### [The problem]
Reproduction without pictures: print every entry precisely as written.

Extracted data entries
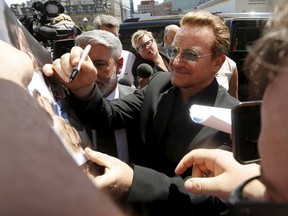 U2 lead singer Bono signs autographs while arriving for meetings on Parliament Hill in Ottawa, Canada, June 15, 2015. REUTERS
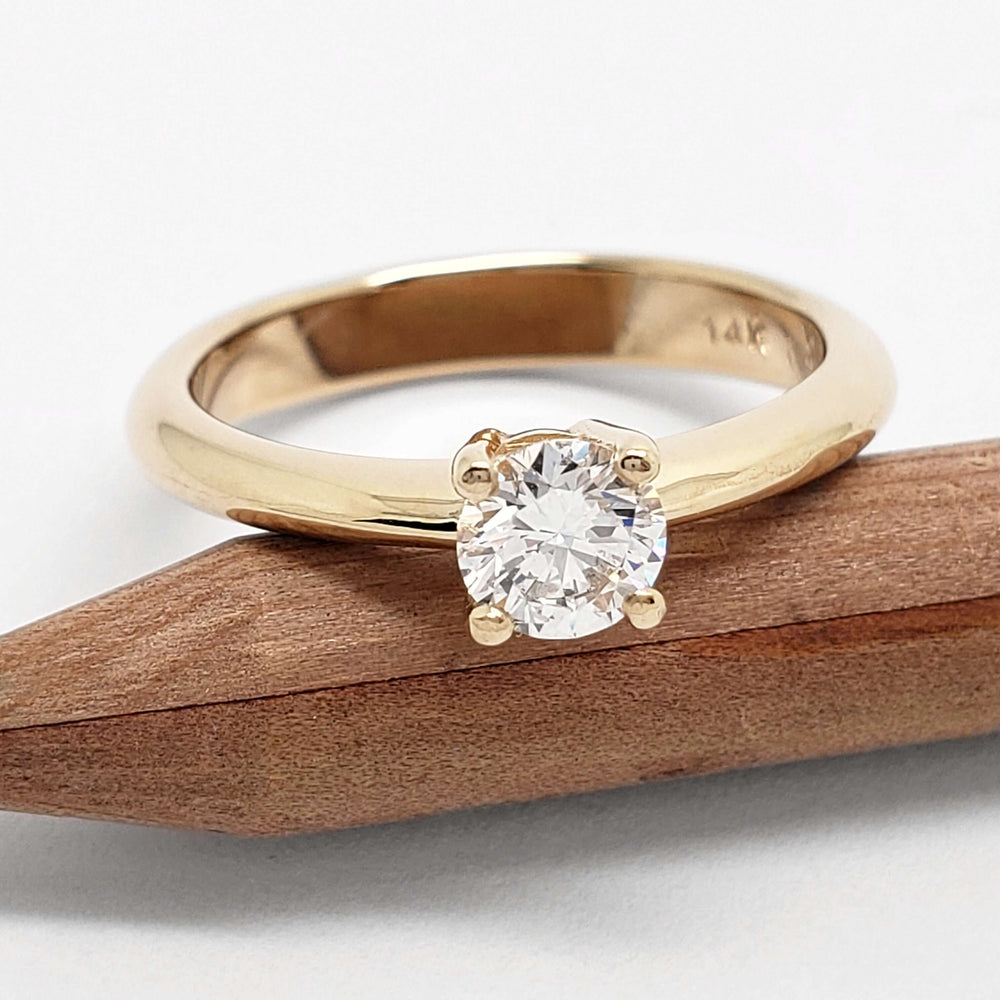 Canadian diamond solitaire ring in 14kt yellow gold, front view on wood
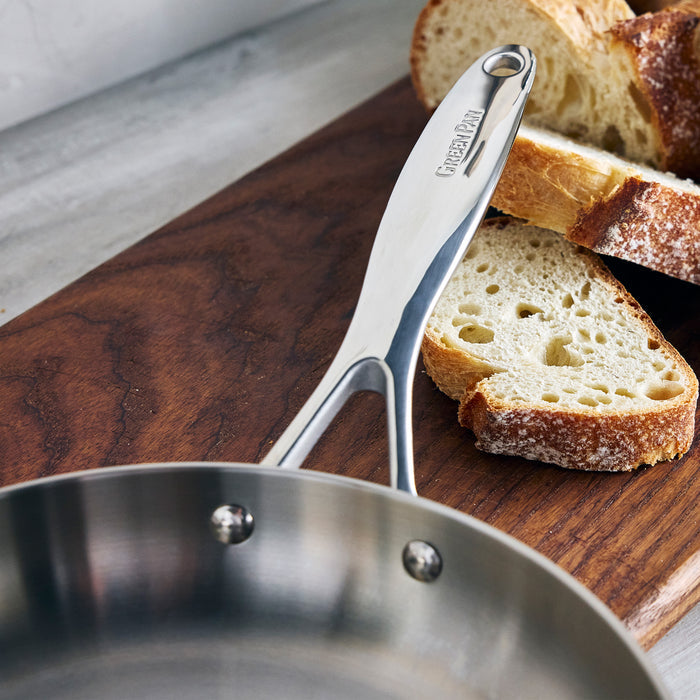 Stainless steel 12-inch frypan on a wooden board next to several slices of rustic bread.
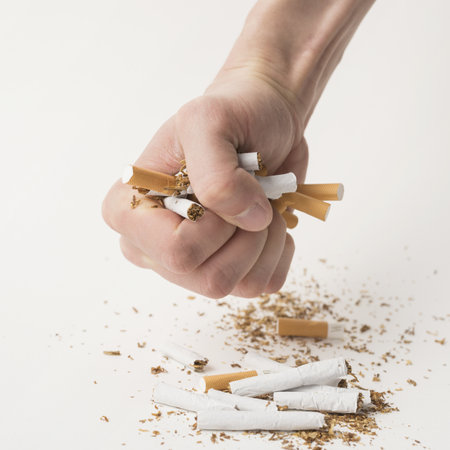 man s fist creasing cigarettes white background. High quality beautiful photo conceptの写真素材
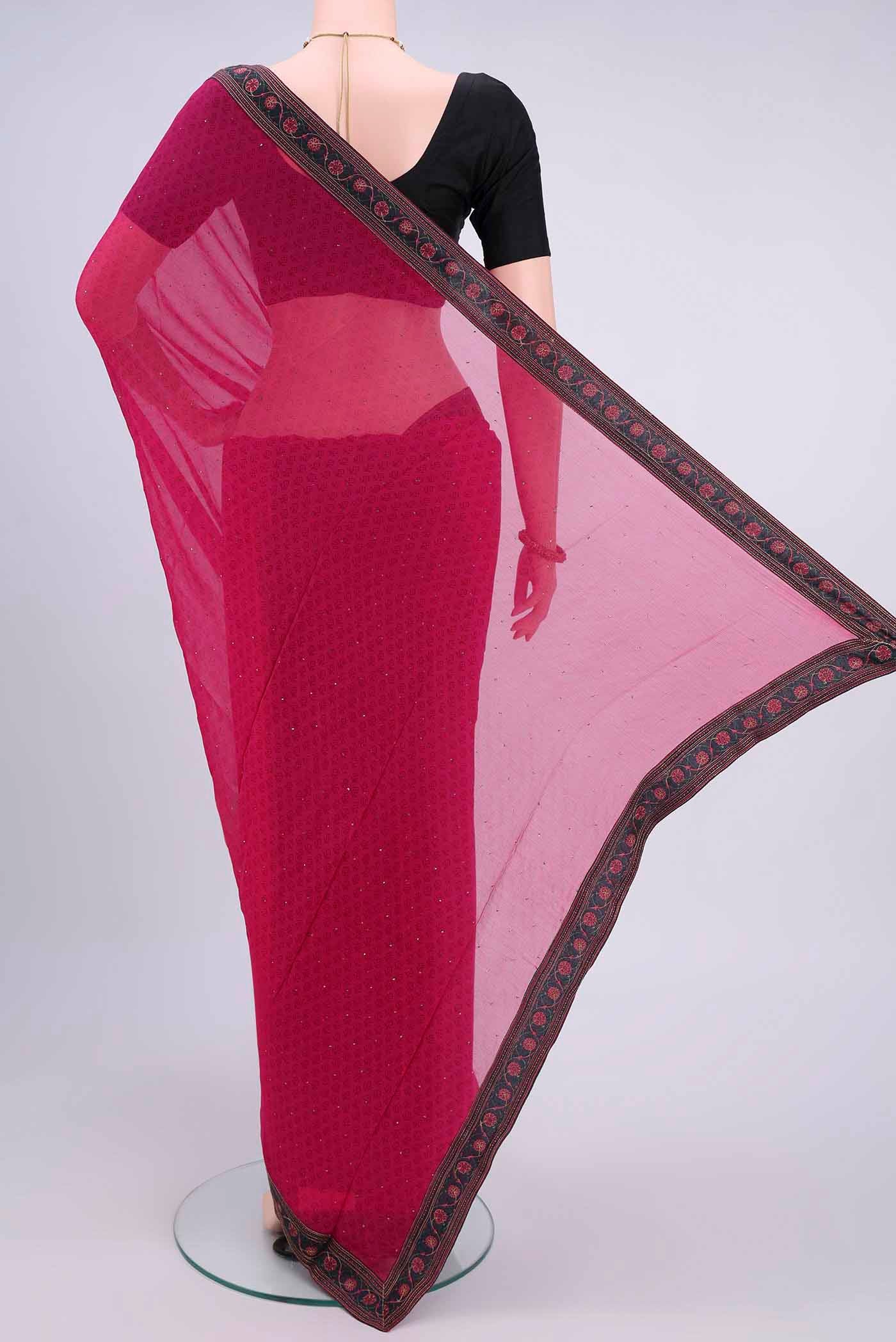 Flat view of Dark Pink Chiffon Saree with Printed design on the body and Attached Border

### [Solved exercise]
 U2 lead singer Bono signs autographs while arriving for meetings on Parliament Hill in Ottawa, Canada, June 15, 2015. REUTERS
 Canadian diamond solitaire ring in 14kt yellow gold, front view on wood
 Stainless steel 12-inch frypan on a wooden board next to several slices of rustic bread.
 man s fist creasing cigarettes white background. High quality beautiful photo conceptの写真素材
 Flat view of Dark Pink Chiffon Saree with Printed design on the body and Attached Border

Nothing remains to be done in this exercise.